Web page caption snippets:
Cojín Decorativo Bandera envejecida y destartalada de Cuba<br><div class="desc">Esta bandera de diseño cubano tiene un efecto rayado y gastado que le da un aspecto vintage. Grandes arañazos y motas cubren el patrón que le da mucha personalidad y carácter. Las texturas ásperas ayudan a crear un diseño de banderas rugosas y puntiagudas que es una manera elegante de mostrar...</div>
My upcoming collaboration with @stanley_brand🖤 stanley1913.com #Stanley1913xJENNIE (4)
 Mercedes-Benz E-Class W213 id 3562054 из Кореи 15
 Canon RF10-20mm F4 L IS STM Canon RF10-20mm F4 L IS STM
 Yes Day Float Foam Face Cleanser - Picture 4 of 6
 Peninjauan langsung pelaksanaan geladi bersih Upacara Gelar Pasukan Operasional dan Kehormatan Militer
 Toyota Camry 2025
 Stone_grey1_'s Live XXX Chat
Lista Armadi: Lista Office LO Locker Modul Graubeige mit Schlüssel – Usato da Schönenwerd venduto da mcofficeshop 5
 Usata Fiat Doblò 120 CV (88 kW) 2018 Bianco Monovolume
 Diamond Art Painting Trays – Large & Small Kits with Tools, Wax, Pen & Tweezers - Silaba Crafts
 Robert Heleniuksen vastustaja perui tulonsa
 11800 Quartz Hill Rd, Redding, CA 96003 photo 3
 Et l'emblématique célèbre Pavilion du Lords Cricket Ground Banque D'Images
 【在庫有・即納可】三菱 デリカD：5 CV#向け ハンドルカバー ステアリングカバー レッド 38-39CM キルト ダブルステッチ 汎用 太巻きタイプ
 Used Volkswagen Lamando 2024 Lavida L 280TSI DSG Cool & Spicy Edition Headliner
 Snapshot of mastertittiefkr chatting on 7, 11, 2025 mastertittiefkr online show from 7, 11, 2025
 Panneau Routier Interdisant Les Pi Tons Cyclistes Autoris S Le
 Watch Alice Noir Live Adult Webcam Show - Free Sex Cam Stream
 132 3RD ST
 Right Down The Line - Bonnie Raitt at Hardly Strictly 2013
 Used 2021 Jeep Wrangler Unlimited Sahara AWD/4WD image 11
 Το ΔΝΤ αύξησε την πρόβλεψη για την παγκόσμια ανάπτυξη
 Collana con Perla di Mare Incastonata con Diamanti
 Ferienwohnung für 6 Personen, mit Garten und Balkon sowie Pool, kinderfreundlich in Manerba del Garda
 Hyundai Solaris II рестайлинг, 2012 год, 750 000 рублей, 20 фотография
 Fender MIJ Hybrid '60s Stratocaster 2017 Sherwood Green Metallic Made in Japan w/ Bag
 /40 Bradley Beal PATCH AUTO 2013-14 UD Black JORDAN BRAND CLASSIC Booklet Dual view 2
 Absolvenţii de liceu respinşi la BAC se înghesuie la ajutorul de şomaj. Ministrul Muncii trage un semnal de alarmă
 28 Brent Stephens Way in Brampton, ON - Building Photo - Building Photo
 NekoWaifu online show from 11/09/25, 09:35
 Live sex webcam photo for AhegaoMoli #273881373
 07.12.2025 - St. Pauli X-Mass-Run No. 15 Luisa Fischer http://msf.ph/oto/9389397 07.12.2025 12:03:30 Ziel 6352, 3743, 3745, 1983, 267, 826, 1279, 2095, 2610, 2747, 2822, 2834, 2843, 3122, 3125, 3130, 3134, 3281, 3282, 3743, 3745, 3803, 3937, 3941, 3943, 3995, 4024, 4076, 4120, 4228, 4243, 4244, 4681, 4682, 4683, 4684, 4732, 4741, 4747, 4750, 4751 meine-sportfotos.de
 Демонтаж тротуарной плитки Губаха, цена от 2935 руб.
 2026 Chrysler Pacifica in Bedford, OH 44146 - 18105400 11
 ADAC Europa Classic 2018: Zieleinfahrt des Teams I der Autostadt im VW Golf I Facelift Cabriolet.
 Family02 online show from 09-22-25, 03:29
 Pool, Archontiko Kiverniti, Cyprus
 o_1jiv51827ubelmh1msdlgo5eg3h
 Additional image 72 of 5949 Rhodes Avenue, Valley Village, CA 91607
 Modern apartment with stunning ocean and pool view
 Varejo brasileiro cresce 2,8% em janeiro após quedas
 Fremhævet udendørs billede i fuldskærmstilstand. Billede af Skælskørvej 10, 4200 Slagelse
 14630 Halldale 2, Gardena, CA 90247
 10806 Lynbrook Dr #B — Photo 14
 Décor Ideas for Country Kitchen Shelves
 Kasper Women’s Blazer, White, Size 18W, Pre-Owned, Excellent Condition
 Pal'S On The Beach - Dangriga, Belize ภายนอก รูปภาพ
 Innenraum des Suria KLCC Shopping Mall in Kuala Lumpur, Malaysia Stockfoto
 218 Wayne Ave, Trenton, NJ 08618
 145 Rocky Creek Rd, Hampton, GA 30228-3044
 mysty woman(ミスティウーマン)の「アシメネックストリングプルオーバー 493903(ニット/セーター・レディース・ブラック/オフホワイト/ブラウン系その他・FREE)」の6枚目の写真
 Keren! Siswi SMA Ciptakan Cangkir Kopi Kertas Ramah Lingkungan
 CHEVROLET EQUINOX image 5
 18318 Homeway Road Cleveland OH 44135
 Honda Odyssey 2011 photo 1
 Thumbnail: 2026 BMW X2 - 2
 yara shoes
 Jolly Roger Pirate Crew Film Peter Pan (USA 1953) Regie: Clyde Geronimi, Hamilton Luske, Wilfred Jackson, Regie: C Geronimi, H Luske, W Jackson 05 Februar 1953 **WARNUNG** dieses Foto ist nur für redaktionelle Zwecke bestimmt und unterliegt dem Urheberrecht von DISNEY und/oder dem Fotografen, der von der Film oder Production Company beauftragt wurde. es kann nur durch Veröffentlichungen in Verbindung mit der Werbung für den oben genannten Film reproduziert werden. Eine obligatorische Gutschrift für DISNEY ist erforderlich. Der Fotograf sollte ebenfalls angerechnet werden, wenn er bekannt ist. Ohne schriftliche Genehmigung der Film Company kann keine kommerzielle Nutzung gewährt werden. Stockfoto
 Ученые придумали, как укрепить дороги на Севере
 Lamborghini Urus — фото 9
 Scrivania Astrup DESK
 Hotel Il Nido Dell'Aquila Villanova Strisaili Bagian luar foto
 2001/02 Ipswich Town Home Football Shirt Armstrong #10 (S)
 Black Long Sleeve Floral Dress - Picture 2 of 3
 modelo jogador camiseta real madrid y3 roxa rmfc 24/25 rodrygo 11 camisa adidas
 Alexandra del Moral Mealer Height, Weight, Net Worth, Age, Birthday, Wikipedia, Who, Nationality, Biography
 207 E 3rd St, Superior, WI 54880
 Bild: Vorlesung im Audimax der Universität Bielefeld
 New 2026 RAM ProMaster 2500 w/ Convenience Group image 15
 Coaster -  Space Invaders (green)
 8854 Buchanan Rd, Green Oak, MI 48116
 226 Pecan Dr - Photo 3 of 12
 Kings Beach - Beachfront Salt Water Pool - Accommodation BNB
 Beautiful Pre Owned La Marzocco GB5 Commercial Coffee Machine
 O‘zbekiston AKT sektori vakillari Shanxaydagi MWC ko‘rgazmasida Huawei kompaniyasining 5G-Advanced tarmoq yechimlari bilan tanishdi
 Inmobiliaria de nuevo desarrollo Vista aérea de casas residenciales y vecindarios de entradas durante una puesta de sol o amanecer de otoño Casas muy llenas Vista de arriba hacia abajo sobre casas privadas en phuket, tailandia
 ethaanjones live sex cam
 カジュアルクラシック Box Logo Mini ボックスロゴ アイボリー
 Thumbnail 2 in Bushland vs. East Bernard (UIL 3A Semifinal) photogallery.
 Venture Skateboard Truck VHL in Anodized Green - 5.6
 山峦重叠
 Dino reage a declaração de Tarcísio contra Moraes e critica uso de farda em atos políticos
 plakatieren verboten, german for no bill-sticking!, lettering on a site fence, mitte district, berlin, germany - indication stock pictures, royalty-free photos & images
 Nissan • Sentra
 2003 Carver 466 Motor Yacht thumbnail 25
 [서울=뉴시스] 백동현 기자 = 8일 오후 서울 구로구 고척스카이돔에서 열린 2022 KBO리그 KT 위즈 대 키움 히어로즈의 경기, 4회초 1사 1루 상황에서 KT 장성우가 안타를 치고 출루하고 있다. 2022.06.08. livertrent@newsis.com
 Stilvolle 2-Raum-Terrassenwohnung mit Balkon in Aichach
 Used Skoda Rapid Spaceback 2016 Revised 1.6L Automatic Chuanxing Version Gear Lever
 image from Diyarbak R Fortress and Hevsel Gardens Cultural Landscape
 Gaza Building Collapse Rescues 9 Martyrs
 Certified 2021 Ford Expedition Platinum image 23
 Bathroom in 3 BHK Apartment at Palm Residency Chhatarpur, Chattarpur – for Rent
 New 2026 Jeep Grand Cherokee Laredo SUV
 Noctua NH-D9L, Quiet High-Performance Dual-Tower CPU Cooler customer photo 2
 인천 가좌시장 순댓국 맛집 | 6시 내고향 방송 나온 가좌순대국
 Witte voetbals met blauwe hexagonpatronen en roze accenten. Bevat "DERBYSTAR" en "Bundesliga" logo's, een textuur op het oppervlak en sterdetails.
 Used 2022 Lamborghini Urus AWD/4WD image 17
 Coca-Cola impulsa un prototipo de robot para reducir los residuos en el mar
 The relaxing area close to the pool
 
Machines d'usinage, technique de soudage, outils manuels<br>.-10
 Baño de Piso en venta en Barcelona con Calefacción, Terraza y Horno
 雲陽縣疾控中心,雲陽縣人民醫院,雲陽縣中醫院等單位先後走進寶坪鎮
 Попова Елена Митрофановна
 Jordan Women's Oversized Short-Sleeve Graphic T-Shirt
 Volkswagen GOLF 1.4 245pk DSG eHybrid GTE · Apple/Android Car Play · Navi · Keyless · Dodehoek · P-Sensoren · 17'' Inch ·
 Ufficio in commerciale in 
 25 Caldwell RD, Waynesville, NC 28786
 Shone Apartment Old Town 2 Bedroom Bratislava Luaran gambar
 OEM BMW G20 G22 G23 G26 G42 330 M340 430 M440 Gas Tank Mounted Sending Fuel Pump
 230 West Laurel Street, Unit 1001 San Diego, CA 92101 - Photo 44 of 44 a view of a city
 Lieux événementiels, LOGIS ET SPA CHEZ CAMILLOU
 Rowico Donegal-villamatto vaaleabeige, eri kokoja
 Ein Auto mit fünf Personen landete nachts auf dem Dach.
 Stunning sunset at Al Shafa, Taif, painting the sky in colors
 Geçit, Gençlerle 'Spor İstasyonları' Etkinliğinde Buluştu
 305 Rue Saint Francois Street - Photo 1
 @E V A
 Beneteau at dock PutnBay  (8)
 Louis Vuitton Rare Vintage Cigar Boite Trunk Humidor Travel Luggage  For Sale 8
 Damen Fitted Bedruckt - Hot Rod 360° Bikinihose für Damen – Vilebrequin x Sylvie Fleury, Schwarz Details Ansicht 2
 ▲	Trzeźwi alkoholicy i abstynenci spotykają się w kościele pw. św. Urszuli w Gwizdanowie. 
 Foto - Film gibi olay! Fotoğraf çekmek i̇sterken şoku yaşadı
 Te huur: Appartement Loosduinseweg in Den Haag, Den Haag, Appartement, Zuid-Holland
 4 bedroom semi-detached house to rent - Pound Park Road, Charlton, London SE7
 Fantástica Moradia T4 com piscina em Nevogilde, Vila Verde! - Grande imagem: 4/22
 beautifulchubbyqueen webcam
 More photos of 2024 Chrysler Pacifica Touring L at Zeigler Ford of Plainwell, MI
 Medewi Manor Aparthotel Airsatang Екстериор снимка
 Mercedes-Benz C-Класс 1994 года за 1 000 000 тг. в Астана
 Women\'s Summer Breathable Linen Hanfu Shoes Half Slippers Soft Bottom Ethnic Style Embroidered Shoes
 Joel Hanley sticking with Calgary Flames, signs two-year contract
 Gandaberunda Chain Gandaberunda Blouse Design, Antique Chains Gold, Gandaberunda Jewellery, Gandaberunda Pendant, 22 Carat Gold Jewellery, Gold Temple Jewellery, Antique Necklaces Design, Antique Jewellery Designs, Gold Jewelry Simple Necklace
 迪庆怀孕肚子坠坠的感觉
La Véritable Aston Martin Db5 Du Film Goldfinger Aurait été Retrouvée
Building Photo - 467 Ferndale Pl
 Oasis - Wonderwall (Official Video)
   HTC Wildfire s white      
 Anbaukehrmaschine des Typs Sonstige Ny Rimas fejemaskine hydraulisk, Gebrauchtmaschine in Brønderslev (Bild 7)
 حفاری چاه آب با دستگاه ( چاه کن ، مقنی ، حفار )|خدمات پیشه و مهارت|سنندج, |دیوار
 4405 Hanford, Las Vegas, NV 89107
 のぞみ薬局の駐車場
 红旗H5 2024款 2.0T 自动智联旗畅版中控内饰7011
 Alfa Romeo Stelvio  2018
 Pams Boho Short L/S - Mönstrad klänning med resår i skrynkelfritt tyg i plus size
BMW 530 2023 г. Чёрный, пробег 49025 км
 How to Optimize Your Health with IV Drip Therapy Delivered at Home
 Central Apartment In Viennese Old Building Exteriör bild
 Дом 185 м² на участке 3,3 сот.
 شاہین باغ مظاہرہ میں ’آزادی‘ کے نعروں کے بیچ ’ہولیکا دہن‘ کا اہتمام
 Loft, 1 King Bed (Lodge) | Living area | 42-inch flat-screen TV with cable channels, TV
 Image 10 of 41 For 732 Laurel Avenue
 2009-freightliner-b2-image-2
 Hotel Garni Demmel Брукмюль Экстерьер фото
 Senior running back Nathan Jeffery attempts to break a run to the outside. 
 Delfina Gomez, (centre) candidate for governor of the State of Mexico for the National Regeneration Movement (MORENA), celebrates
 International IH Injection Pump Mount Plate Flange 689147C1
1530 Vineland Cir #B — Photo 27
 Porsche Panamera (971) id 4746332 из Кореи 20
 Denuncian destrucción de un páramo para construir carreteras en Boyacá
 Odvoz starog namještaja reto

**Instructions for the task**
With the first line being the one containing "Venture Skateboard Truck" and the last line the one containing "Jordan Women's Oversized", transcribe exactly the lines above that fall in that range.

**Exercise response**
 Venture Skateboard Truck VHL in Anodized Green - 5.6
 山峦重叠
 Dino reage a declaração de Tarcísio contra Moraes e critica uso de farda em atos políticos
 plakatieren verboten, german for no bill-sticking!, lettering on a site fence, mitte district, berlin, germany - indication stock pictures, royalty-free photos & images
 Nissan • Sentra
 2003 Carver 466 Motor Yacht thumbnail 25
 [서울=뉴시스] 백동현 기자 = 8일 오후 서울 구로구 고척스카이돔에서 열린 2022 KBO리그 KT 위즈 대 키움 히어로즈의 경기, 4회초 1사 1루 상황에서 KT 장성우가 안타를 치고 출루하고 있다. 2022.06.08. livertrent@newsis.com
 Stilvolle 2-Raum-Terrassenwohnung mit Balkon in Aichach
 Used Skoda Rapid Spaceback 2016 Revised 1.6L Automatic Chuanxing Version Gear Lever
 image from Diyarbak R Fortress and Hevsel Gardens Cultural Landscape
 Gaza Building Collapse Rescues 9 Martyrs
 Certified 2021 Ford Expedition Platinum image 23
 Bathroom in 3 BHK Apartment at Palm Residency Chhatarpur, Chattarpur – for Rent
 New 2026 Jeep Grand Cherokee Laredo SUV
 Noctua NH-D9L, Quiet High-Performance Dual-Tower CPU Cooler customer photo 2
 인천 가좌시장 순댓국 맛집 | 6시 내고향 방송 나온 가좌순대국
 Witte voetbals met blauwe hexagonpatronen en roze accenten. Bevat "DERBYSTAR" en "Bundesliga" logo's, een textuur op het oppervlak en sterdetails.
 Used 2022 Lamborghini Urus AWD/4WD image 17
 Coca-Cola impulsa un prototipo de robot para reducir los residuos en el mar
 The relaxing area close to the pool
 
Machines d'usinage, technique de soudage, outils manuels<br>.-10
 Baño de Piso en venta en Barcelona con Calefacción, Terraza y Horno
 雲陽縣疾控中心,雲陽縣人民醫院,雲陽縣中醫院等單位先後走進寶坪鎮
 Попова Елена Митрофановна
 Jordan Women's Oversized Short-Sleeve Graphic T-Shirt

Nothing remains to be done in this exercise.